Although he is on record as supporting student tuition fees, Crewe fears that the reforms introduced by the coalition government “will turn out to be a blunder in the sense that the purpose of the policy was to save the taxpayer money, to decrease the deficit, and there’s increasing evidence that it’s not going to save the taxpayer money”.
He adds that it was “entirely predictable” that virtually all English universities would opt to put their fees at the same level, given that higher education is a “prestige good”, where “what partly matters is the prestige and status of the university, and one of the ways you signal that is by the price”.

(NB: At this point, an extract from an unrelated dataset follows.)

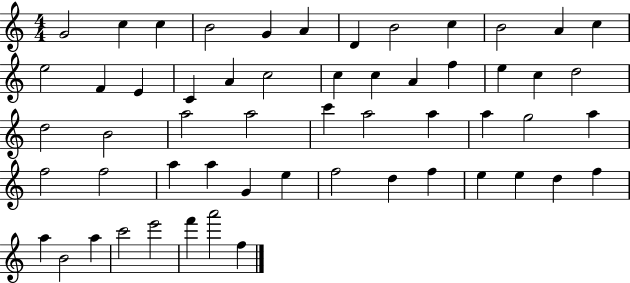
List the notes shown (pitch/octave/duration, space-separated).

G4/h C5/q C5/q B4/h G4/q A4/q D4/q B4/h C5/q B4/h A4/q C5/q E5/h F4/q E4/q C4/q A4/q C5/h C5/q C5/q A4/q F5/q E5/q C5/q D5/h D5/h B4/h A5/h A5/h C6/q A5/h A5/q A5/q G5/h A5/q F5/h F5/h A5/q A5/q G4/q E5/q F5/h D5/q F5/q E5/q E5/q D5/q F5/q A5/q B4/h A5/q C6/h E6/h F6/q A6/h F5/q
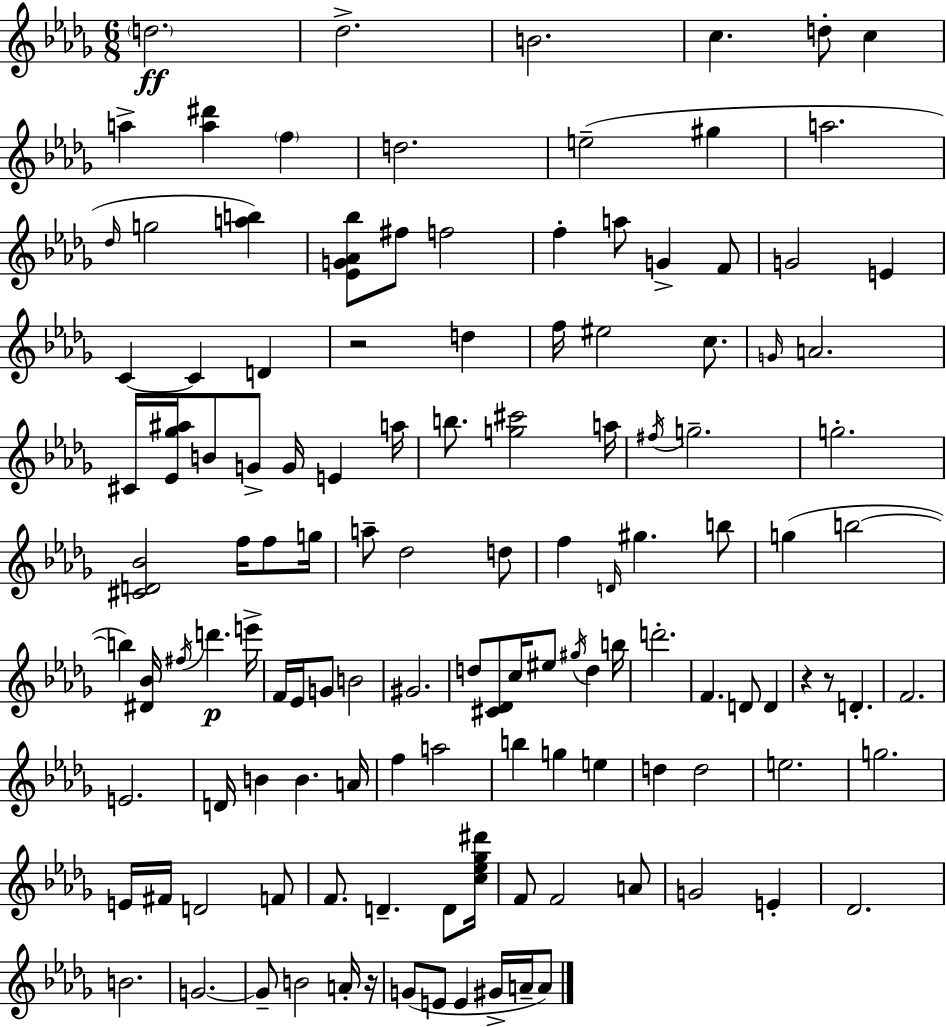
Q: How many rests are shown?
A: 4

On the recent lifting of the cap on student numbers, Crewe worries that “until there are more convincing answers than we’ve had so far, one naturally has some suspicion that it will be paid for either by reducing expenditure for research, reducing public funding of access initiatives or detrimental changes to the terms of the loans”.
Although he is opposed to all these options for making the figures add up, Crewe says he would support a (politically unlikely) “gradual raising of the cap on fees. I’m not in favour of another massive hike, but they should be index-linked and there is a case for loosening the cap, for example allowing universities to increase their fees each year by inflation plus a small x per cent each. That would provide some predictability and give all those who have to find the money time to adjust.”
And how can the Academy of Social Sciences make progress on its goal of bringing research more effectively into governmental decision-making?
“It’s still the case”, responds Crewe, “that most departments prefer to go to the large [private] consultancies and take advice from them. They will produce slick reports to whatever deadline the government asks. Generally academic social science research is of a higher quality, but it’s also more cautious, more nuanced, and takes longer to produce.
“A lot of [academic] research is written in unnecessarily technical language and appears in very obscure journals. It’s often based on old, rather than very fresh, data.”
Achieving high impact
If they hope to have more impact, Crewe says, academics must take better account of the needs of those who “have to make decisions quickly, and have to be able to understand the practical, operational implications of the research they are reading”.
Yet he also sees a number of promising signs, both in initiatives developed by the AcSS itself and in the increasing willingness of academics to embrace social media, from Twitter to frequently updated multi-authored platforms such as the London School of Economics’ British Politics and Policy blog. In the longer term, he would like to see a “chief social scientist” in government alongside the chief scientific adviser and the chief medical officer.
Meanwhile, asked about the storm surrounding UUK’s recent advice relating to gender segregation at events organised by Islamic groups, Crewe notes that although he has not read the document, his “strictly personal” view is that “if societies and organisations want to segregate audiences on any basis, this should be arranged in private premises and not on university campuses”.
Yet in defence of UUK, he also stresses the continuing importance of “a single body which can represent all universities on the majority of issues. If it didn’t, it would be very much easier for governments who wished to, to divide and rule.”